Inditex handles traffic spikes: Building a custom load test platform

15 hours ago 1

Inditex Tech

Press enter or click to view image in full size

For any e-commerce business, it is crucial to deliver a seamless shopping experience that leads to a frictionless checkout.

This is especially critical during those times of the year when sales are concentrated over a short period. In our case — Zara, Massimo Dutti, Pull&Bear and the rest of Inditex brands’ case –, our e-commerce platforms must withstand spikes of massive concurrent sessions, resulting in an exponential increase in traffic compared to regular days.

Managing this surge requires a robust system that ensures real-time inventory updates, smooth navigation, and reliable checkouts, all without performance interruptions.

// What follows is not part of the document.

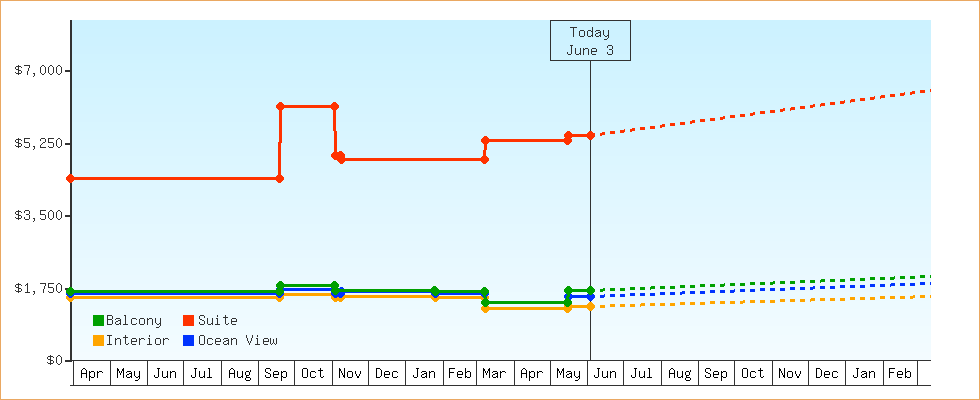 Price Graphs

The challenge: Handling traffic spikes

One of the most effective ways to ensure a website can handle traffic increases is load testing. It simulates high traffic to measure how well a system performs under stress.

Load tests track key metrics, like requests or orders per minute, to spot issues such as slow page loads or server bottlenecks early, so they can be fixed and the platform can handle them before they occur and have a real effect in production.

At Inditex, we initially used a commercial load-testing solution. However, as demand grew every year, it ended up falling short on real-time observability and long setup times. Given the scale and complexity of our global e-commerce operations, we needed a more flexible, faster, and precise solution to simulate and prepare for extreme scenarios.

So, we developed our load-testing platform: ICaRUS (Inditex Chaos and Resilient User System).

Why build a custom load-testing platform?

Why did we opt for building ICaRUS, our custom load testing solution?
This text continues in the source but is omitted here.